Frequently asked questions

Which is the most reliable bullish pattern?
By the reliability rating (★★★★★), the strongest bullish patterns are the bullish engulfing, morning star, three white soldiers, bullish kicking, morning doji star, bullish abandoned baby and three outside up. Each is either multi-candle or shows strong momentum. That said, reliability is determined by context (trend, support level, volume), not by the pattern alone.
What is the difference between a hammer and a hanging man?
Visually they are almost identical (small body, long lower wick, short upper wick); the difference is the trend context. A hammer appears at the end of a downtrend as a bullish reversal signal; a hanging man appears at the top of an uptrend as a bearish reversal signal. Same shape, opposite role.
How many candles make up a morning star?
The morning star is a three-candle pattern: (1) a large red candle continuing the downtrend, (2) a small-bodied candle (doji or spinning top) marking indecision, and (3) a large green candle closing above the midpoint of the first candle's body. It is one of the most reliable bullish reversal signals.
How should I combine bullish patterns with other indicators?
Common combinations: support level + bullish pattern (the core setup), oversold RSI (<30) + bullish pattern (a more reliable entry), bullish pattern + positive MACD divergence (strong momentum signal), 200-day moving average retest + bullish pattern (long-term trend continuation). Multiple signals together produce statistically better setups.
Which time frame works best?
Reliability rises with the time frame. Statistically, daily (D1) and weekly (W1) charts deliver the highest hit rate, 4-hour (H4) is acceptable. On short time frames (1m, 5m, 15m) the noise-to-signal ratio is too poor — the pattern still exists, but its reliability drops sharply.

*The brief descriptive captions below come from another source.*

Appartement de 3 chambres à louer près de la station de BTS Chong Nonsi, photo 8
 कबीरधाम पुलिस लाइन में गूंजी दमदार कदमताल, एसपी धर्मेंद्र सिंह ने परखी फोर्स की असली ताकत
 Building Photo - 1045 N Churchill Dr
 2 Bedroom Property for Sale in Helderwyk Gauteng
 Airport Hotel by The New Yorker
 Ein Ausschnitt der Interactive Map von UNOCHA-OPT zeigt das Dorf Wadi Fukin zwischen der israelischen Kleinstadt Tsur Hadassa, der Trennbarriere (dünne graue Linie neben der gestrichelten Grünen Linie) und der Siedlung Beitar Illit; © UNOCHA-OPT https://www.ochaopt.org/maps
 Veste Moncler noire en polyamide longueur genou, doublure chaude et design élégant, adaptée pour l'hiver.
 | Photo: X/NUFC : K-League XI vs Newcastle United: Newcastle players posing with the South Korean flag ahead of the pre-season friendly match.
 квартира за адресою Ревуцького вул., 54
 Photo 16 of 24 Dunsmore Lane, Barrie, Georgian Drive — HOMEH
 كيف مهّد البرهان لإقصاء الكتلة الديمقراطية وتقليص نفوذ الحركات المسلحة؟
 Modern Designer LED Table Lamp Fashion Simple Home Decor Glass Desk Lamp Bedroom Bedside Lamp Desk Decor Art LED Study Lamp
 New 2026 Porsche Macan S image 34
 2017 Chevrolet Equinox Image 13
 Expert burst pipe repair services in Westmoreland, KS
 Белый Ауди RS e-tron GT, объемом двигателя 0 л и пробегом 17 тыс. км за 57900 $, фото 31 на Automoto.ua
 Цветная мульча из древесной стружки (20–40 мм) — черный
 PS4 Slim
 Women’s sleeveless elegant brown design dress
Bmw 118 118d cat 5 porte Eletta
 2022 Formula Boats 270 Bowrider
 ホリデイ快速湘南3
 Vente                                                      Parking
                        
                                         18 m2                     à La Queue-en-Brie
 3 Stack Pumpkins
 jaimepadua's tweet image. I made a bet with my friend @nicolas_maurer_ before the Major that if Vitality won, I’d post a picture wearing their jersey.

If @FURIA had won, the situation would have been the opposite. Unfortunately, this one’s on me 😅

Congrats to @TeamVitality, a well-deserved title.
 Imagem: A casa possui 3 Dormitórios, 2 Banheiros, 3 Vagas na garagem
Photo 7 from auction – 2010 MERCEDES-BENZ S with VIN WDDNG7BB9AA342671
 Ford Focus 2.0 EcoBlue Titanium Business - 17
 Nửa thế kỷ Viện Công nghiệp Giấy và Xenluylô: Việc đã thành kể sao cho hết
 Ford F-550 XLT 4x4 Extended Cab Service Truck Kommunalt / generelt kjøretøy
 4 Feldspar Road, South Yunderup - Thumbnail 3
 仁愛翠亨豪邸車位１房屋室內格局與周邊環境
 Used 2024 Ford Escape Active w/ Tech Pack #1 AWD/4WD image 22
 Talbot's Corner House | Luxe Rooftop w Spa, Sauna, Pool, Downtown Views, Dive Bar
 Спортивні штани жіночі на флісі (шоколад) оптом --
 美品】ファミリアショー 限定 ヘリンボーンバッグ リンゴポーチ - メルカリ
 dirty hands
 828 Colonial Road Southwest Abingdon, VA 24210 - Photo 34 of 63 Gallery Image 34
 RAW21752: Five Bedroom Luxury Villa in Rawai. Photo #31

What is a confirmation candle?
A confirmation candle is the first candle after the pattern, whose direction and body confirm the reversal signal. For a bullish pattern this means a green (rising) candle, ideally on above-average volume. Waiting for the confirmation filters out many false signals — the most common mistake is entering immediately on the close of the pattern's last candle.